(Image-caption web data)

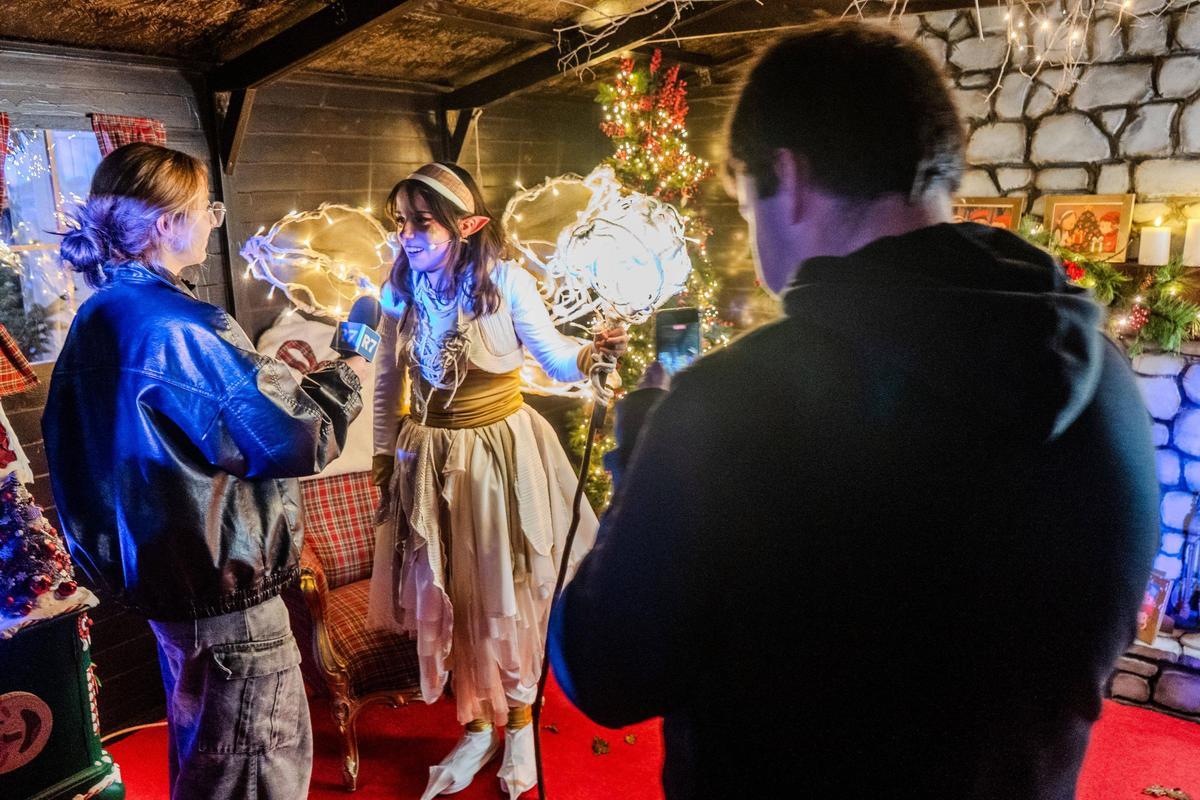 La fada entrevistada per dos companys de Regió7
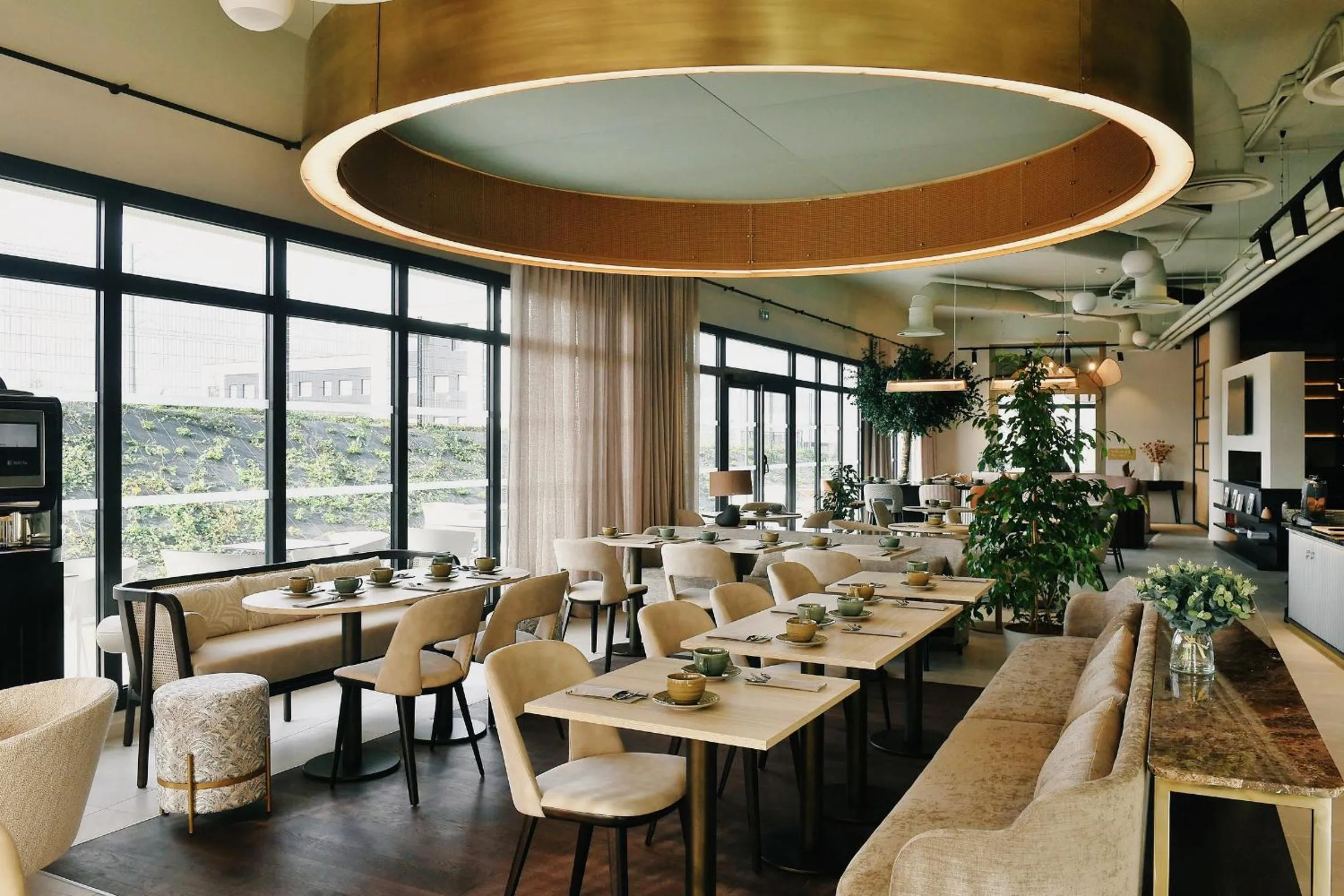 Restaurant/places to eat in Golden Tulip Reims Bezannes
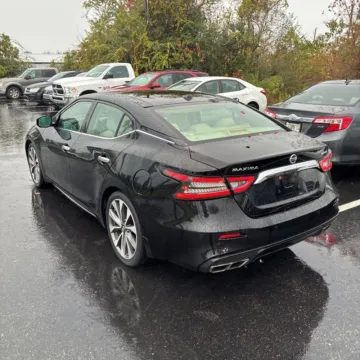 More photos of 2019 Nissan Maxima Platinum at Indy Auto Man - Indianapolis, IN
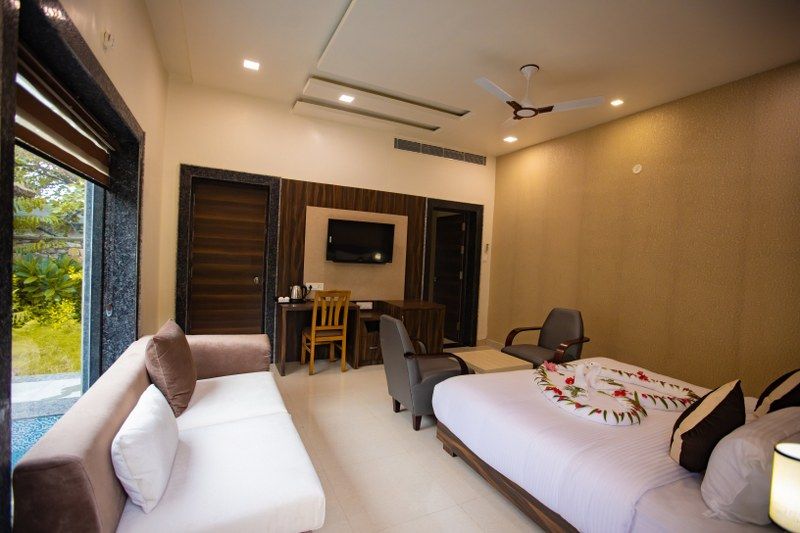 Honeymoon Suite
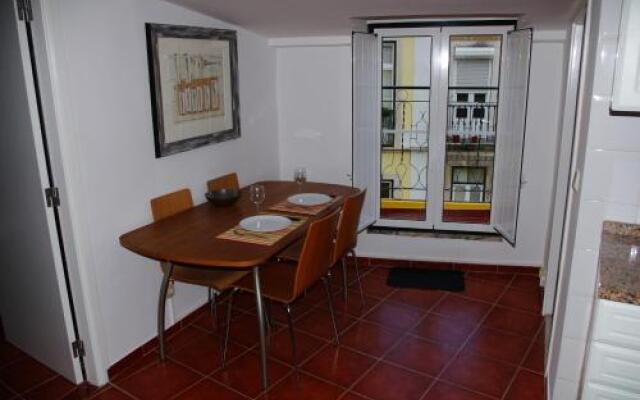 Lisbon Sloped Ceiling Apartment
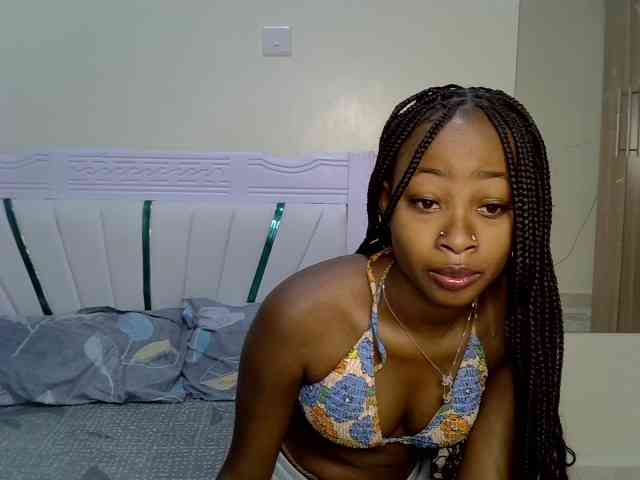 PetiteNoir webcam
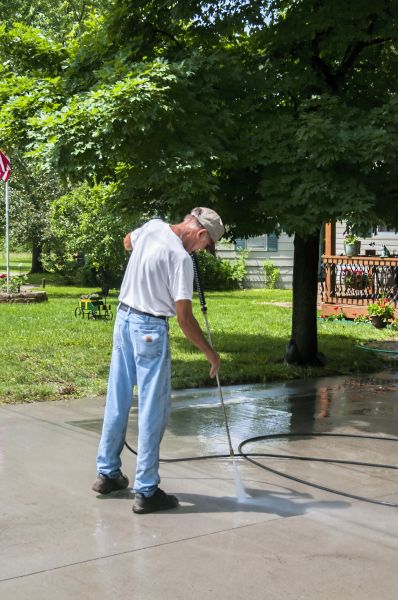 Cost of Driveway Concrete Cleaning in Simi Valley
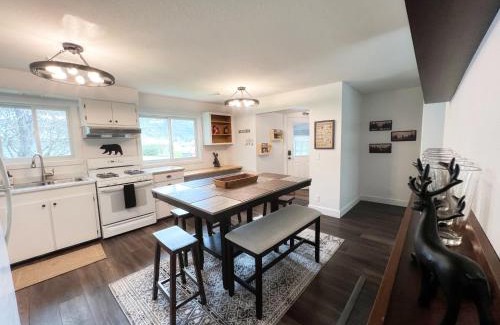 Columbia Falls Casa | Glacier's Edge Cabins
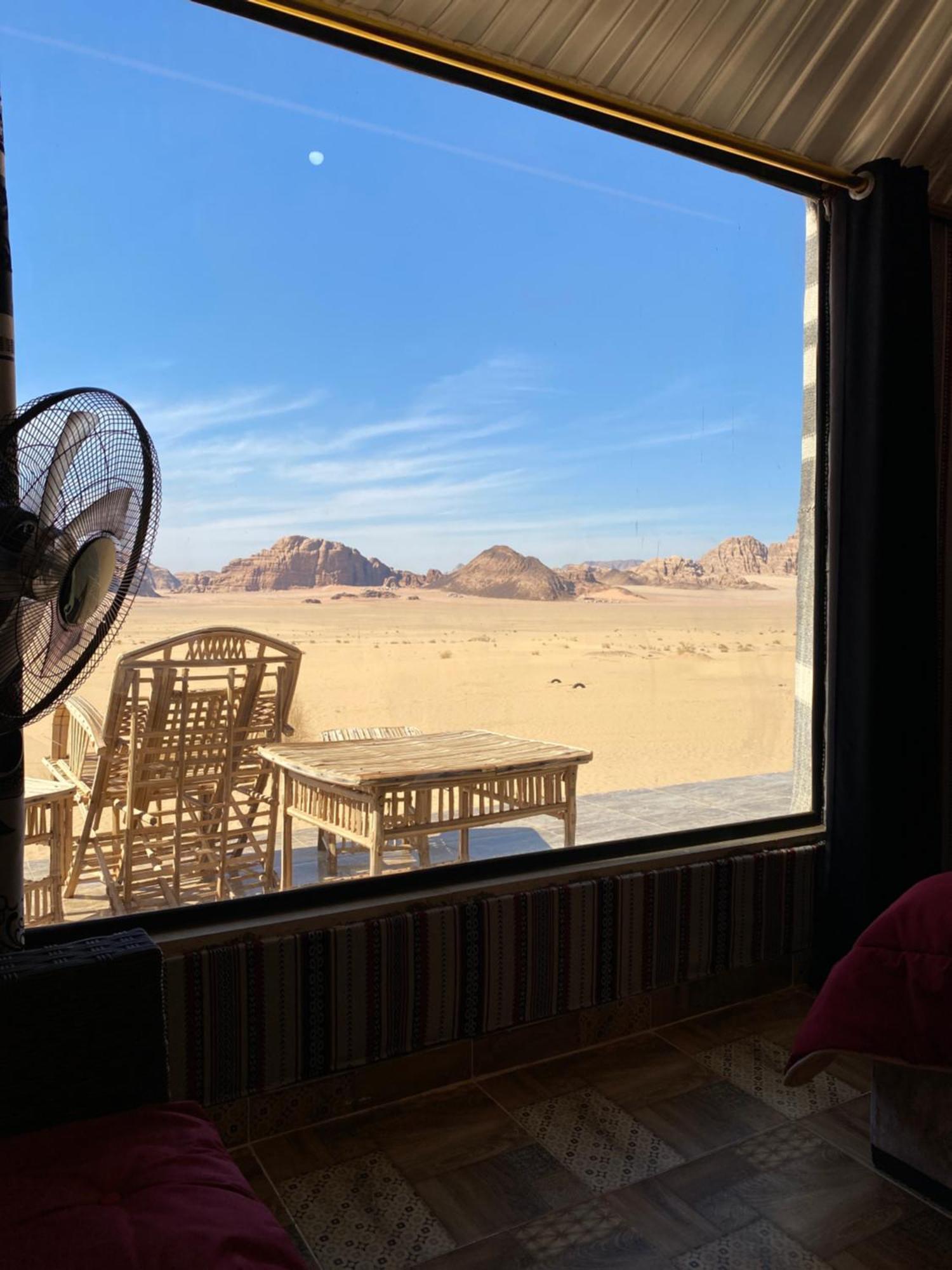 Wadi Rum Starlight Camp Hotel Exterior photo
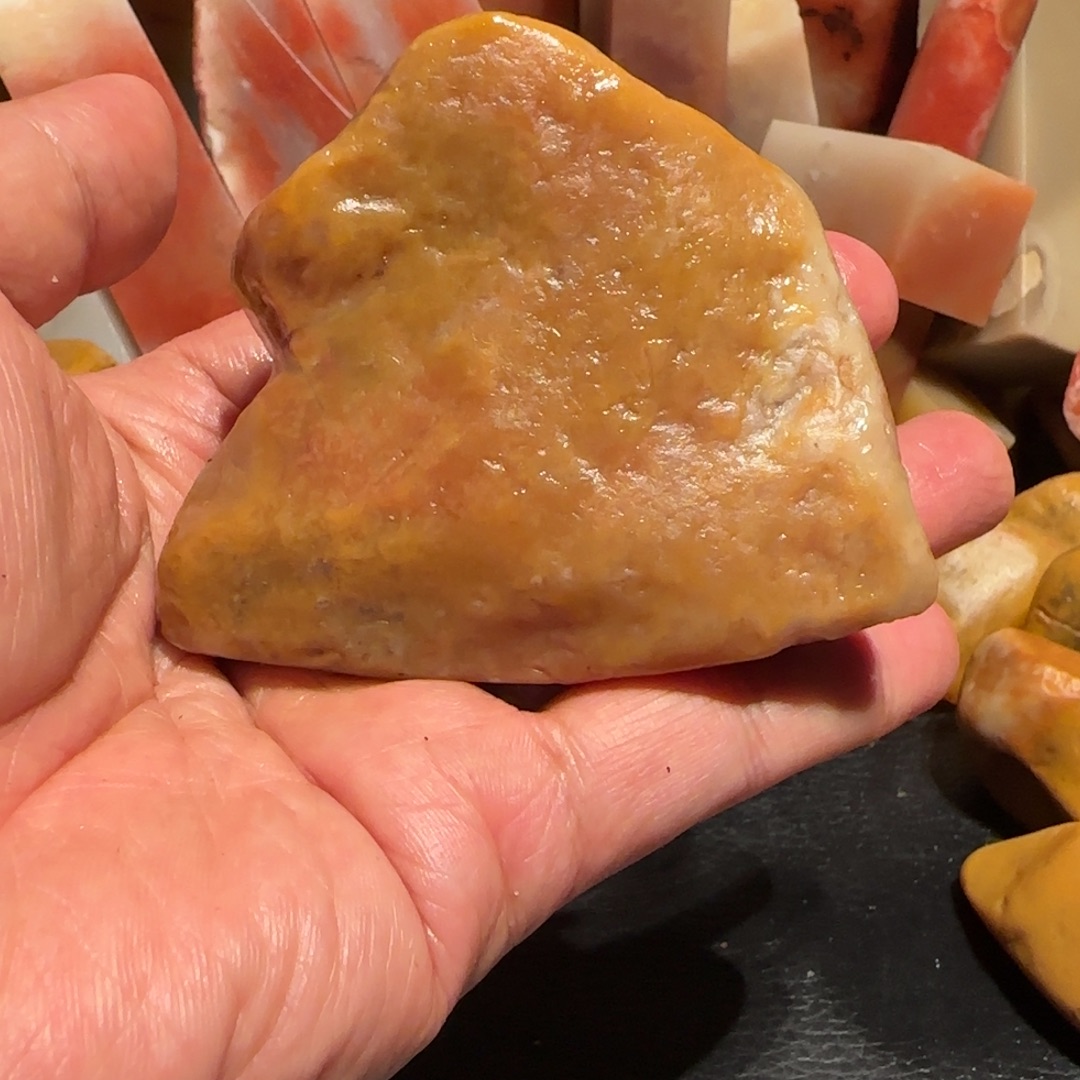 老挝石田黄原石，．．．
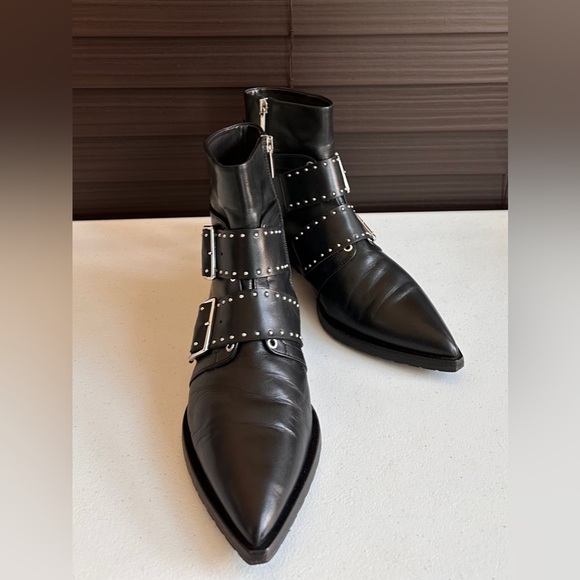 capezzani Shoes - Capezzani Leather Pointed Toe Stud Ankle Boot Size 7.5 (38)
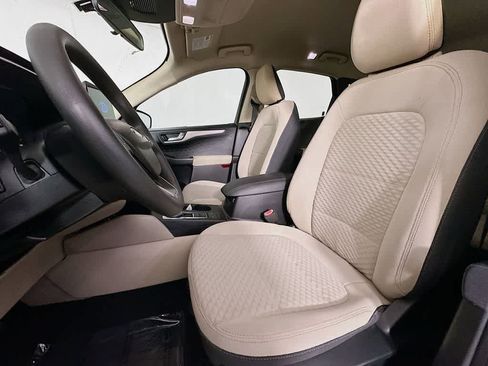 Certified 2020 Ford Escape SE image 12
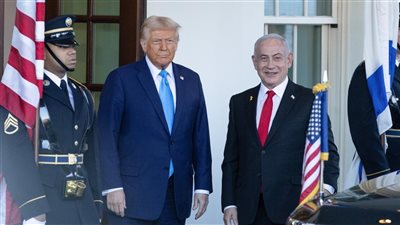 رفض عربي وعالمي لتصريحات ترامب بشأن تهجير الفلسطينيين (فيديوجراف)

REQUIRED ACTION: In the records above, transcribe exactly the lines from the one containing "More photos of" through the last line, both included, and skip the pictures.

FINAL ANSWER:
 More photos of 2019 Nissan Maxima Platinum at Indy Auto Man - Indianapolis, IN
 Honeymoon Suite
 Lisbon Sloped Ceiling Apartment
 PetiteNoir webcam
 Cost of Driveway Concrete Cleaning in Simi Valley
 Columbia Falls Casa | Glacier's Edge Cabins
 Wadi Rum Starlight Camp Hotel Exterior photo
 老挝石田黄原石，．．．
 capezzani Shoes - Capezzani Leather Pointed Toe Stud Ankle Boot Size 7.5 (38)
 Certified 2020 Ford Escape SE image 12
 رفض عربي وعالمي لتصريحات ترامب بشأن تهجير الفلسطينيين (فيديوجراف)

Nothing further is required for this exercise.